Eclipse-Community / r3dfox

r3dfox is a modern Firefox based web browser for Windows Vista & 7. SourceForge link for downloading with older browsers. https://sourceforge.net/projects/r3dfox/
https://eclipse.cx/projects/r3dfox
Other
197 stars 7 forks source link

more rustflags opts #42

Closed SashaXser closed 5 months ago

SashaXser commented 6 months ago

Added the tune-cpu option as well as target-cpu

K4sum1 commented 6 months ago

I'm not sure how these work exactly. Would Haswell mean it's specifically for Haswell, or just Haswell+? Also is there anything like this for the other variants?

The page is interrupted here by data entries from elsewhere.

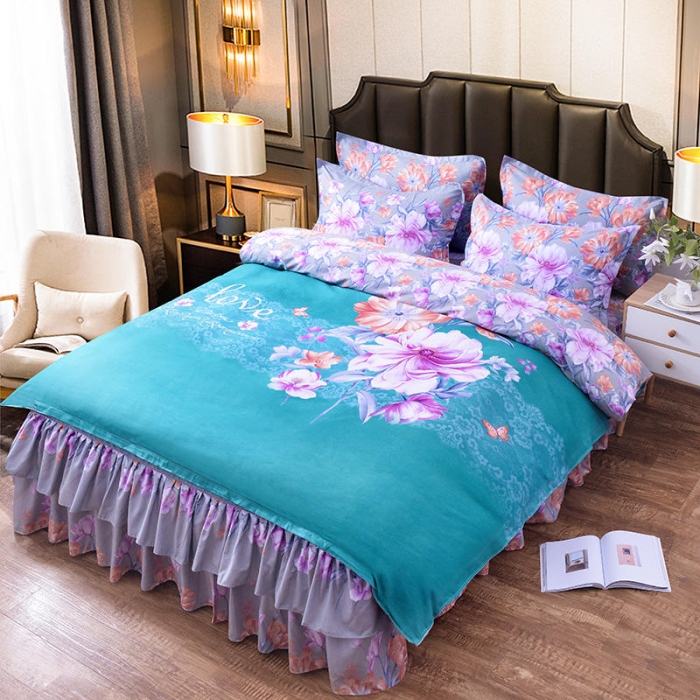 91家纺网 家纺一手货源 找家纺 梦柏 2020新款加厚磨毛四件套大版床裙款 花韵纷飞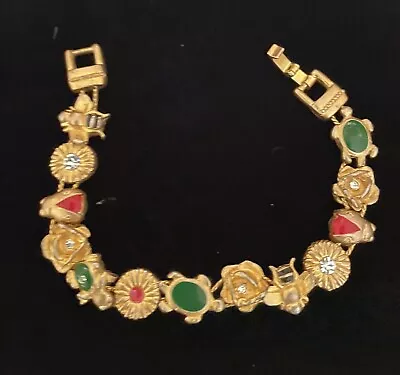 Vtg Victorian Style Gold Tone Slide Bracelet Rose Bee Frog Ladybug Turtle Flower • $32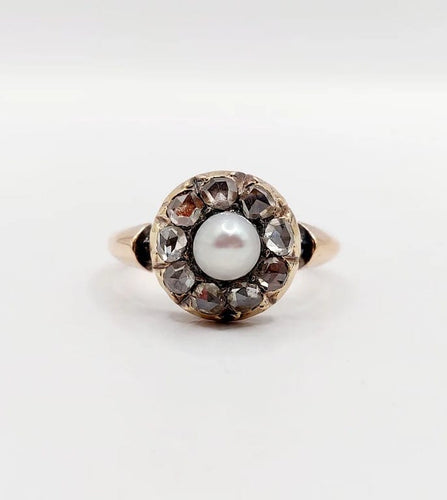 Bague 55 Bague marguerite antique en or rose 18k avec perle et diamants 58 Facettes A06463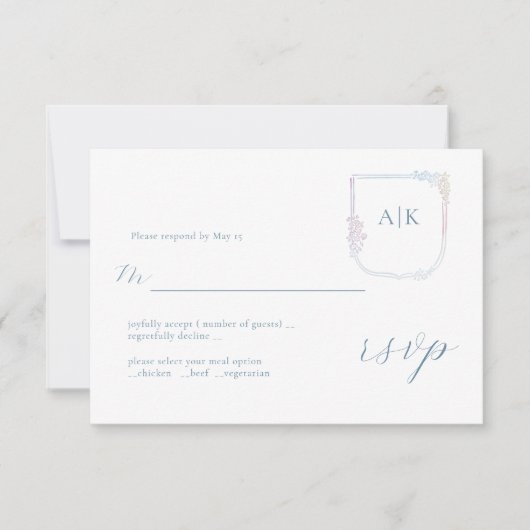 Bloemen Wapenschild Boho krans bruiloft RSVP Kaart (Voorkant)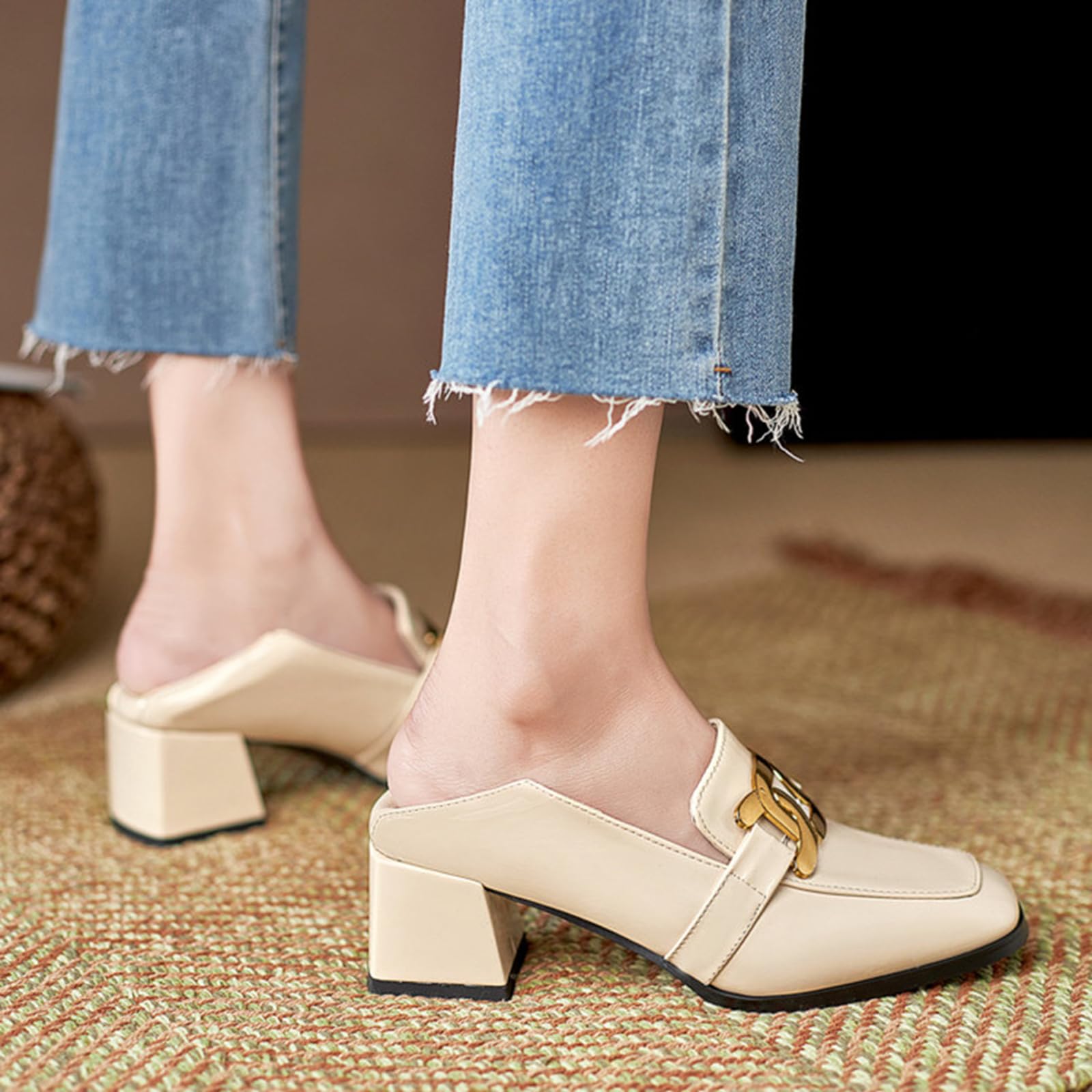 Zapatos de tacón de bloque para mujer, tacón de 5 cm, tapa cuadrada de charol con decoración de metal, cómodos para todo el día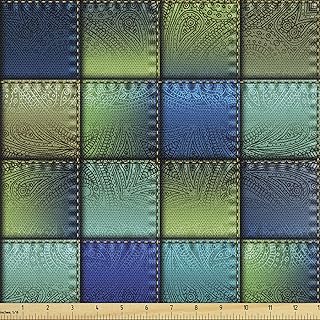 Sponsored Ad - Ambesonne Colorful Fabric by The Yard, Modern Geometric Bohemian Paisley Details in Square Shaped Backdrop ...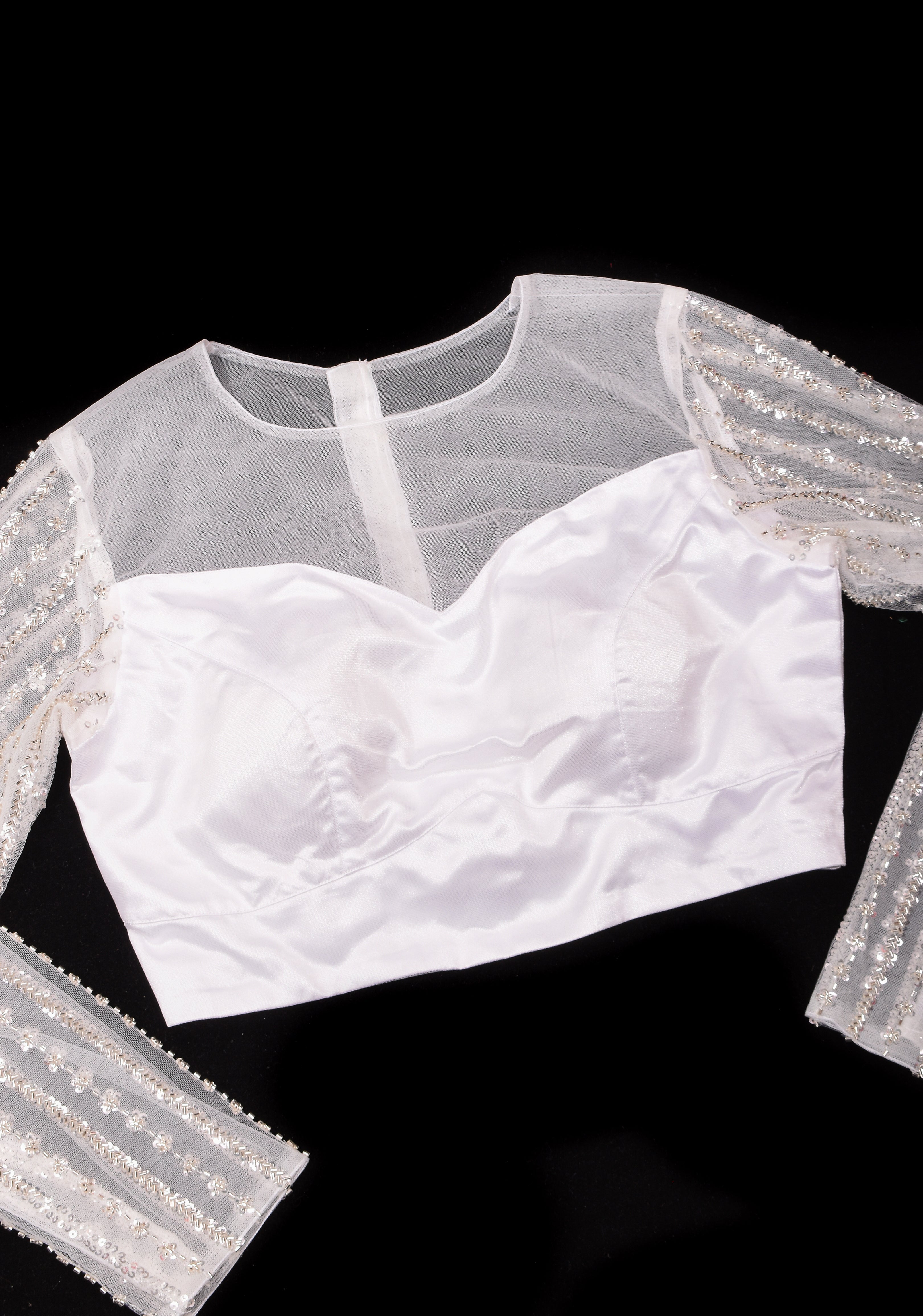 White net sheer yoke blouse with cutdana full sleeves, Made to Order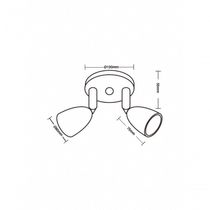 Spot De Led Direct Duplo Mr16 Circular 8w Branco Taschibra 6500k Luz Fria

SashaXser commented 6 months ago

I'm not sure how these work exactly. Would Haswell mean it's specifically for Haswell, or just Haswell+? Also is there anything like this for the other variants?

Haswell = x86-64-v3

You can pick something from this list::

    native                 
    alderlake
    amdfam10
    athlon
    athlon-4
    athlon-fx
    athlon-mp
    athlon-tbird
    athlon-xp
    athlon64
    athlon64-sse3
    atom
    atom_sse4_2
    atom_sse4_2_movbe
    barcelona
    bdver1
    bdver2
    bdver3
    bdver4
    bonnell
    broadwell
    btver1
    btver2
    c3
    c3-2
    cannonlake
    cascadelake
    cooperlake
    core-avx-i
    core-avx2
    core2
    core_2_duo_sse4_1
    core_2_duo_ssse3
    core_2nd_gen_avx
    core_3rd_gen_avx
    core_4th_gen_avx
    core_4th_gen_avx_tsx
    core_5th_gen_avx
    core_5th_gen_avx_tsx
    core_aes_pclmulqdq
    core_i7_sse4_2
    corei7
    corei7-avx
    emeraldrapids
    generic
    geode
    goldmont
    goldmont-plus
    goldmont_plus
    grandridge
    graniterapids
    graniterapids-d
    graniterapids_d
    haswell
    i386
    i486
    i586
    i686
    icelake-client
    icelake-server
    icelake_client
    icelake_server
    ivybridge
    k6
    k6-2
    k6-3
    k8
    k8-sse3
    knl
    knm
    lakemont
    meteorlake
    mic_avx512
    nehalem
    nocona
    opteron
    opteron-sse3
    penryn
    pentium
    pentium-m
    pentium-mmx
    pentium2
    pentium3
    pentium3m
    pentium4
    pentium4m
    pentium_4
    pentium_4_sse3
    pentium_ii
    pentium_iii
    pentium_iii_no_xmm_regs
    pentium_m
    pentium_mmx
    pentium_pro
    pentiumpro
    prescott
    raptorlake
    rocketlake
    sandybridge
    sapphirerapids
    sierraforest
    silvermont
    skx
    skylake
    skylake-avx512
    skylake_avx512
    slm
    tigerlake
    tremont
    westmere
    winchip-c6
    winchip2
    x86-64                  - This is the default target CPU for the current build target (currently x86_64-unknown-linux-gnu).
    x86-64-v2
    x86-64-v3
    x86-64-v4
    yonah
    znver1
    znver2
    znver3
    znver4
K4sum1 commented 6 months ago

@Alex313031 Since you know everything about this I'm letting you determine if it goes though.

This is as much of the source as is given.